__Task__
Reproduce the section of the listing that begins at the line containing "Red Silk Sequins" and finishes at the line containing "1 1/4Ct Halo". Include both end lines and nothing beyond them.

__Given data__
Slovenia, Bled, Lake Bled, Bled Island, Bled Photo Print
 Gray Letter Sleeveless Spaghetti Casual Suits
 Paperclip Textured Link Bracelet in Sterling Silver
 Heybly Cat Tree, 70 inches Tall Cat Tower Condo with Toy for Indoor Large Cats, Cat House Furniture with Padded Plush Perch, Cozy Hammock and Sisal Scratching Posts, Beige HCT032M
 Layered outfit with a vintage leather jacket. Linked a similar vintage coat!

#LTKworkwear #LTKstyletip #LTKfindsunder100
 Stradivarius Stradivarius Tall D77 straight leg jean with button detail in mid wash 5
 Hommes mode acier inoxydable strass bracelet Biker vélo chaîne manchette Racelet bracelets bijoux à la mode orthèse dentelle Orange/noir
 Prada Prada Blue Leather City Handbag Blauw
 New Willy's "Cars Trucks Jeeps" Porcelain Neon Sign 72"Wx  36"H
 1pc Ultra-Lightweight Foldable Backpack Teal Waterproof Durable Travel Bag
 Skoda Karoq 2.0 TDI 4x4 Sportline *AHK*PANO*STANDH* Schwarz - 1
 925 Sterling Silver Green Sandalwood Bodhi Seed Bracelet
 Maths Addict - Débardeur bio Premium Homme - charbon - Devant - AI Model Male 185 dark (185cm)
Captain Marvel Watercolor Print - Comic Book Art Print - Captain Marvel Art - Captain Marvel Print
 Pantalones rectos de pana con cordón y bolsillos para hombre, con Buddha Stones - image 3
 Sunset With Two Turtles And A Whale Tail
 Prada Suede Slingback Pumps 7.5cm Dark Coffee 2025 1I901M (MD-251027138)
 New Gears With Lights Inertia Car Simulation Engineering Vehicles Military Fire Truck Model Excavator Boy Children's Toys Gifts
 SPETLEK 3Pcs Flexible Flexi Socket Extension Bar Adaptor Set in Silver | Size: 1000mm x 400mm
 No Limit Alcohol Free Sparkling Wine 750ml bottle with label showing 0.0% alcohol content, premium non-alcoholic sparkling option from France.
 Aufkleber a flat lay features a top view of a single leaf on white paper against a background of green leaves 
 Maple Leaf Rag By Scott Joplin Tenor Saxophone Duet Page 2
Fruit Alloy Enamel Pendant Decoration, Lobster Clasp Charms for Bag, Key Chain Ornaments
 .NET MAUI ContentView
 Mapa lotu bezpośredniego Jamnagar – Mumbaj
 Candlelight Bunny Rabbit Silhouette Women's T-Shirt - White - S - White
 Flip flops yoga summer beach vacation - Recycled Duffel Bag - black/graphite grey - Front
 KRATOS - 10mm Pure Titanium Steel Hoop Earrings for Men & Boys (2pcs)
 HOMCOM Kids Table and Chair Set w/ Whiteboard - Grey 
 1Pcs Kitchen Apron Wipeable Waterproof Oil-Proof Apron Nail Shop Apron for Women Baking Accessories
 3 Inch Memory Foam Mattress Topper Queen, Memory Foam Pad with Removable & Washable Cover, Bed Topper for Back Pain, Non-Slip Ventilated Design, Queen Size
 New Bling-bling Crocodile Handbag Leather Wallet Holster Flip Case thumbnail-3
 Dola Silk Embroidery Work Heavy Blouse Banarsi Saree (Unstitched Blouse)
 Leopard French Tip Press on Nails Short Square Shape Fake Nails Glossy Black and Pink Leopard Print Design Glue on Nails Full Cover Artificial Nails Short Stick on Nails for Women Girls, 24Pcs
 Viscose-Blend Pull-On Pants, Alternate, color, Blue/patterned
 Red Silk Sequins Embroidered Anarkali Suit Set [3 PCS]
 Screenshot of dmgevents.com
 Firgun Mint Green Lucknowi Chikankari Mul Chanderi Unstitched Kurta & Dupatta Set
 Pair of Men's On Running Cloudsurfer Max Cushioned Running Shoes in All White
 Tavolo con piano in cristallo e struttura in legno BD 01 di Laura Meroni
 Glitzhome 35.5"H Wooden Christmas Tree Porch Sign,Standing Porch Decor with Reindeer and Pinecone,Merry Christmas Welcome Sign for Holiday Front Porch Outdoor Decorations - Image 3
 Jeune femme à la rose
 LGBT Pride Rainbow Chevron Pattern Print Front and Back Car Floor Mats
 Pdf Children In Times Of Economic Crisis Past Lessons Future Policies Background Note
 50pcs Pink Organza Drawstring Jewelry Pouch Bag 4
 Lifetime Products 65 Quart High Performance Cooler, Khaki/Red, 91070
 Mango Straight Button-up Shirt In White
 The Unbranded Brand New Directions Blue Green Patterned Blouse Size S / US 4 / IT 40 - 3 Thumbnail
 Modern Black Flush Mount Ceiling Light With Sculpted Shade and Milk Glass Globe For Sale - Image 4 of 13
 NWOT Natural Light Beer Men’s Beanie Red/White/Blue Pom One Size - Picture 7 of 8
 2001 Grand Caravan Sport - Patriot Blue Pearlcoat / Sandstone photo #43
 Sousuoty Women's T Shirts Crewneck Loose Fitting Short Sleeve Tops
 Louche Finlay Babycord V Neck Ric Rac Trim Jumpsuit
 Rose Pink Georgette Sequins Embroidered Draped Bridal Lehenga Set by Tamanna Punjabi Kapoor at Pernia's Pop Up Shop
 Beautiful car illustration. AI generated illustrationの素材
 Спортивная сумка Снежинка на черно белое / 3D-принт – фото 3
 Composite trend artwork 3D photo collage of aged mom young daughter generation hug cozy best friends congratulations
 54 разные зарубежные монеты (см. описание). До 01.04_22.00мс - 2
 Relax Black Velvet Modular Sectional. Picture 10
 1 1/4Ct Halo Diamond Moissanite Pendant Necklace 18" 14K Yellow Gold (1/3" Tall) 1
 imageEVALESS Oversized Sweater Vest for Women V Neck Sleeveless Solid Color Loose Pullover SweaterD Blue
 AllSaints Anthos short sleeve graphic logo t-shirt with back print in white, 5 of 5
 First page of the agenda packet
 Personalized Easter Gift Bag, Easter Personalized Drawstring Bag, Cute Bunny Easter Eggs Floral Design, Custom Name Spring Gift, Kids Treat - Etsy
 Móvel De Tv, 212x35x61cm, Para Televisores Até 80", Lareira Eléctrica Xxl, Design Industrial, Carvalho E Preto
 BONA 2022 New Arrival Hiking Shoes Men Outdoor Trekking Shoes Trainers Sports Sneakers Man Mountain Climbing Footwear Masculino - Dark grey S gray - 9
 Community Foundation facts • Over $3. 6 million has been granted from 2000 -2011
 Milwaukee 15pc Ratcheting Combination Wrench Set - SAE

__Answer below__
 Red Silk Sequins Embroidered Anarkali Suit Set [3 PCS]
 Screenshot of dmgevents.com
 Firgun Mint Green Lucknowi Chikankari Mul Chanderi Unstitched Kurta & Dupatta Set
 Pair of Men's On Running Cloudsurfer Max Cushioned Running Shoes in All White
 Tavolo con piano in cristallo e struttura in legno BD 01 di Laura Meroni
 Glitzhome 35.5"H Wooden Christmas Tree Porch Sign,Standing Porch Decor with Reindeer and Pinecone,Merry Christmas Welcome Sign for Holiday Front Porch Outdoor Decorations - Image 3
 Jeune femme à la rose
 LGBT Pride Rainbow Chevron Pattern Print Front and Back Car Floor Mats
 Pdf Children In Times Of Economic Crisis Past Lessons Future Policies Background Note
 50pcs Pink Organza Drawstring Jewelry Pouch Bag 4
 Lifetime Products 65 Quart High Performance Cooler, Khaki/Red, 91070
 Mango Straight Button-up Shirt In White
 The Unbranded Brand New Directions Blue Green Patterned Blouse Size S / US 4 / IT 40 - 3 Thumbnail
 Modern Black Flush Mount Ceiling Light With Sculpted Shade and Milk Glass Globe For Sale - Image 4 of 13
 NWOT Natural Light Beer Men’s Beanie Red/White/Blue Pom One Size - Picture 7 of 8
 2001 Grand Caravan Sport - Patriot Blue Pearlcoat / Sandstone photo #43
 Sousuoty Women's T Shirts Crewneck Loose Fitting Short Sleeve Tops
 Louche Finlay Babycord V Neck Ric Rac Trim Jumpsuit
 Rose Pink Georgette Sequins Embroidered Draped Bridal Lehenga Set by Tamanna Punjabi Kapoor at Pernia's Pop Up Shop
 Beautiful car illustration. AI generated illustrationの素材
 Спортивная сумка Снежинка на черно белое / 3D-принт – фото 3
 Composite trend artwork 3D photo collage of aged mom young daughter generation hug cozy best friends congratulations
 54 разные зарубежные монеты (см. описание). До 01.04_22.00мс - 2
 Relax Black Velvet Modular Sectional. Picture 10
 1 1/4Ct Halo Diamond Moissanite Pendant Necklace 18" 14K Yellow Gold (1/3" Tall) 1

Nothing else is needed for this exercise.